TASK OBJECTIVE:
The entries below contain a line with "Selecting Theme Of Gemini Cli Tool" and a line with "Location of human". Retype exactly everything from the first down to the second, both included, and nothing else.

SUPPLIED ENTRIES:
···

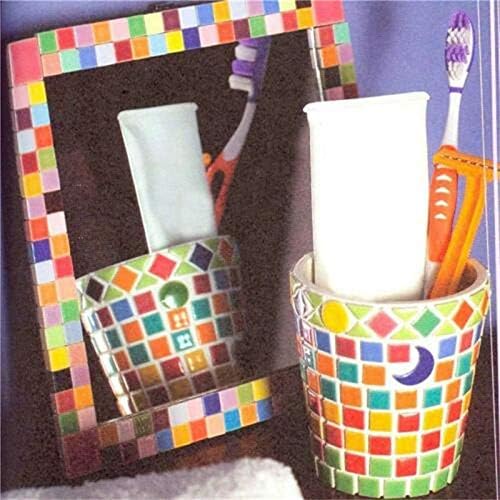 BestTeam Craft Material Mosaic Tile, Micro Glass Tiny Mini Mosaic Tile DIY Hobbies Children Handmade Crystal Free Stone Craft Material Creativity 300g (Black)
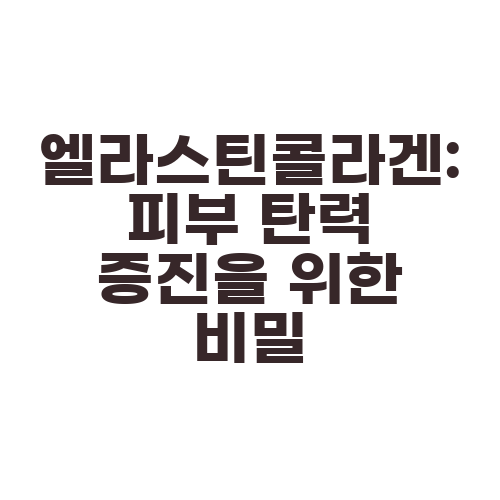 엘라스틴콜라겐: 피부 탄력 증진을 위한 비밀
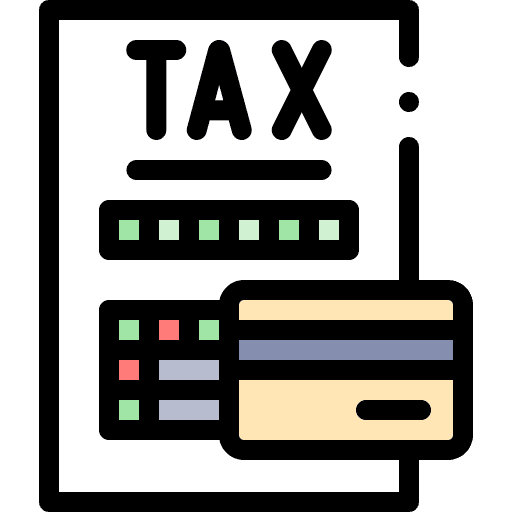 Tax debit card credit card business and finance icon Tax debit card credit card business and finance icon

···

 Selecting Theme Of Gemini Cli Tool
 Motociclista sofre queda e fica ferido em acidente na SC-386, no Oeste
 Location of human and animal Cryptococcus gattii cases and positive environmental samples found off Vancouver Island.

···

ANSWER:
 Selecting Theme Of Gemini Cli Tool
 Motociclista sofre queda e fica ferido em acidente na SC-386, no Oeste
 Location of human and animal Cryptococcus gattii cases and positive environmental samples found off Vancouver Island.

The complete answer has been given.